自宅へ戻ってからも、遅くまで魔導書や論文を読み込んだり、魔法陣を組み替えたりと研究に余念がないようだ。


しかし、さすがに昼までは寝すぎであろう。生活リズムを崩してもろくな事にならない。


「キャロル、ちょっと起こしてきてもらえる?」


「かしこまりました」


アリステアのカップにお茶のおかわりを注ぎ、キャロルは2階へ上がっていった。


本当は自分で起こしに行って、これまたとびきり可愛い寝起きの顔を見たいのだが、先日も就職問題で口論になってしまい、少々気まずい状態だ。

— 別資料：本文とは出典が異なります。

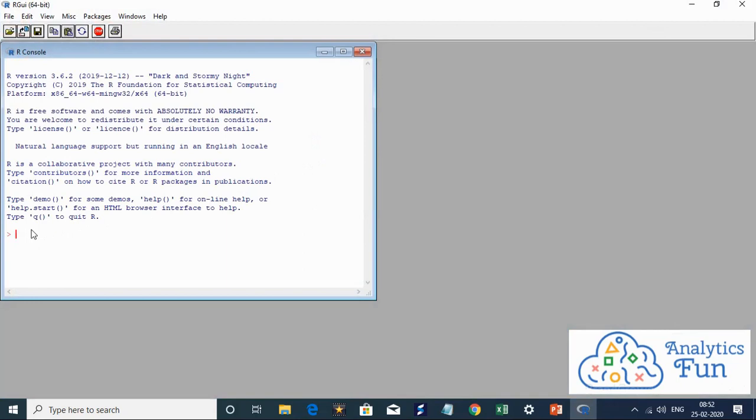This is the R interface. If I write print hello world and click on enter, I'll get hello world.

(ライアル達のところに手紙でも送ってみようかしら)とぼんやり考える。


このまま自宅で無為に過ごさせていても、時間がもったいない。



一方、2階の一番奥にあるキースの部屋の前に着いたキャロルは、違和感を覚えていた。


気配を探っても部屋の中に人のいる気配がしないのだ。


ノックをしても返事がない。ドアノブをそっと回してみる。ドアノブは回った。


鍵が開いているという事だ。


(部屋にいないのに鍵が開いている・・・?)


部屋に希少な魔導書や、魔術的な素材を保管したりもする魔術師という人種は、その辺りに非常に神経を使う。

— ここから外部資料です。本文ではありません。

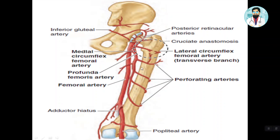Here you can see the first perforator, second perforator, and third perforator. The profunda femoris artery itself terminates by becoming the fourth perforating artery. When we look at it, this is the fourth perforator artery.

不在にするのに施錠しないなどという、そんな不用心な事はしない。


(それか部屋に入ってほしくてわざと開けてあるかだ)


キャロルはドアをゆっくりと少しだけ開け、中の気配をより集中して探る。やはり誰もいない。


「坊ちゃま、キャロルです。失礼します。」


いないと解ってはいるが、一応声をかけ部屋を見渡す。


学院から戻ってきたばかりのキースの部屋に物は少ない。


机と椅子、そして各種書物が入った本棚、衣類を入れるクローゼット、後はベッドがあるだけだ。

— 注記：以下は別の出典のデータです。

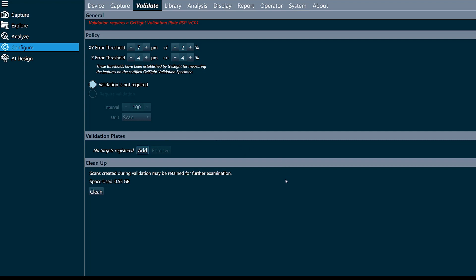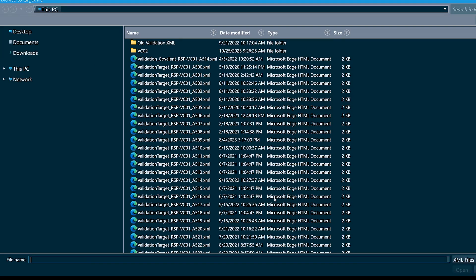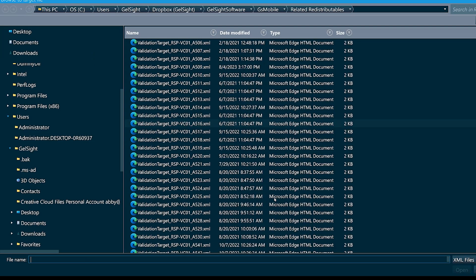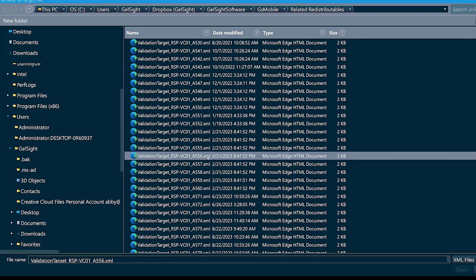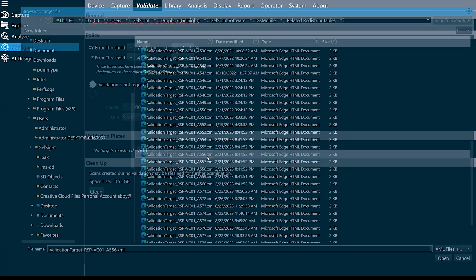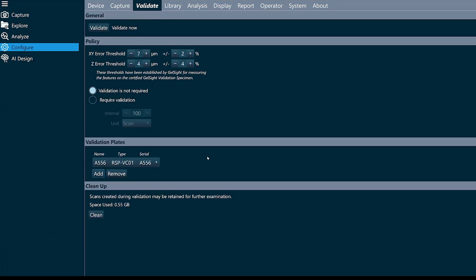If you need your XML files, you can reach out to support at gelsite.com. Next, I'll adjust my policy if necessary. The default thresholds in there are the minimums recommended by GelSite, but if your application allows for larger tolerances you can increase these numbers.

ベッドを見ると明らかに寝た様子がない。昨日の昼間に自分が整えた時のままだ。


(これは・・・まさか・・・)


嫌な予感を覚えたその時、机の上に一枚の紙が置いてあるのに気づいた。


キースは机の上に物を出したままにしない。


という事は、部屋に来た人間に見せるために、わざと置いてあるという事になる。


(これを見せる為に鍵をかけなかったという事?)


迷うこと無く手に取りその文面を読んだキャロルは、自分の嫌な予感が当たってしまった事を(神に仕える神官なのに)呪った。


そこにはいかにも彼らしい、癖のない読みやすい字で「冒険者になってきます」と書かれていた。


わざわざ書き置きを残していったのは、家族と縁を切るつもりはなく、既成事実を作ってなし崩し的に認めさせる、というつもりなのだろうと、リビングに戻りながらキャロルは考える。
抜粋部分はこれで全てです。